With the forced migration to BBID there is an issue that your ability to access your data disappears when BBID has an outage. I've brought this design flaw up on numerous occasions and no one seems to acknowledge it being a real issue (hence the reason I'm here). It is in fact so not acknowledged that there isn't even a category for BBID in this feature suggestion system. There is lots of focus on if MY identity provider goes down or if I configure it incorrectly but none on if BBID itself goes down (which it has quite a bit in recent months). I like the idea of BBID but there needs to be a backdoor/failsafe in case there is an outage. If BBID goes down, we can't access emergency contact information, medical information (such as allergies and medications), or even open a support ticket. TL;DR Backdoor/failsafe login for BBID outage
  • Stephen Alonso
  • Mar 30 2022
  • Attach files
  • John Vogel commented
    15 Apr, 2022 08:08pm

    Thanks Jonathan, you are correct.

    The uptime of Blackbaud ID is of the utmost importance and we have multiple redundancies/failovers in place for all critical processes.

    To highlight the importance Blackbaud ID, the long term vision is for Blackbaud ID to serve as the only account you need to access any Blackbaud solution. Specific to the education space think about how appreciative parents will be when they only need a single account to engage in all aspects of their child's education contained within a Blackbaud solution such as financial aid, tuition, enrollment, learning, volunteering, fundraising, events, etc.

  • Jonathan Tepper commented
    13 Apr, 2022 04:31pm

    Perhaps what needs to be communicated is there is are fail over systems in place. Similar when we did authentication inhouse with Active Directory, systems that signed into Active Directory via LDAP had a failover in place so if one active directory was not responding, it would go to another active directory. This was part of my organization's business continuity / disaster recover plan.


    Reading the thread, perhaps this needs to be communicated? I am sure part of Blackbaud's BBID plan there are many failover systems in place to mitigate issues to keep to their high level SLA. No system can be up 100% but it would be good to inform your clients and provide good assurance to us that the BBID systems have failover systems in place. I assume Blackbaud has this and voice in good faith to what has been posted in this thread already.

  • John Vogel commented
    12 Apr, 2022 03:32pm

    Stephen,

    My recent post to Brian addresses the heart of your recent response for emergency preparedness.


    There is one important piece that I do want to provide clarity on regarding your call out of "break glass" accounts.
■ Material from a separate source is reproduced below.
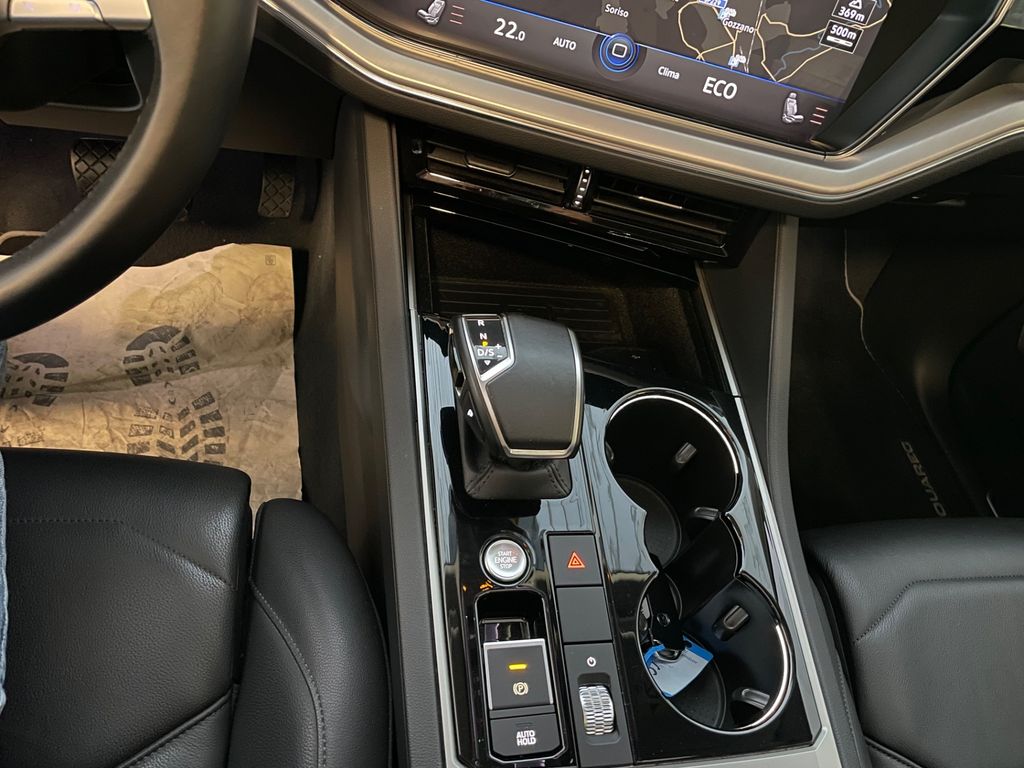 Volkswagen Touareg 2020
These are not to bypass the authentication of the app a user is accessing but bypass the authentication at a IdP that has a SSO connection to the app. The good news here is that at Blackbaud, we recommend our customers establish these accounts so that they can login if an issue arises with their SSO connection (the most common being a certificate expired and needs to be renewed with the IdP).


    All the best,

    John


  • John Vogel commented
    12 Apr, 2022 03:20pm

    Brian,

    Please know the overall experience of end users is always my top priority and serves as the north star for every decision I make as a product manager. Proof in point, here's a quote from my earlier response:

    "the impact incidents have on users not being able to sign in or sign up is what matters"

    With regards to information that "must be available at all times," it is important that your school's emergency preparedness and disaster recovery plans account for accessing critical information. For example, and talk about timing, just this morning when dropping my son off at daycare, the app parents use to sign their children in and out of school was having issues and the admins were manually keeping track of children arriving. So then I asked, “If the system isn’t available, what do you do about allergies and emergency contact information?” to which she replied, “Oh, don’t worry, we keep hard copies of all critical information.”


    It's also important to note that Blackbaud ID is just one piece of the overall process that is required to be stable to serve up critical information for your school. For example, there are upstream dependencies such as internet service providers that must be up to serve information. While rare, accidents can happen such as a fiber optic line getting cut that removes internet availability. This happened in Charleston in May 2021 and impacted some 911 services.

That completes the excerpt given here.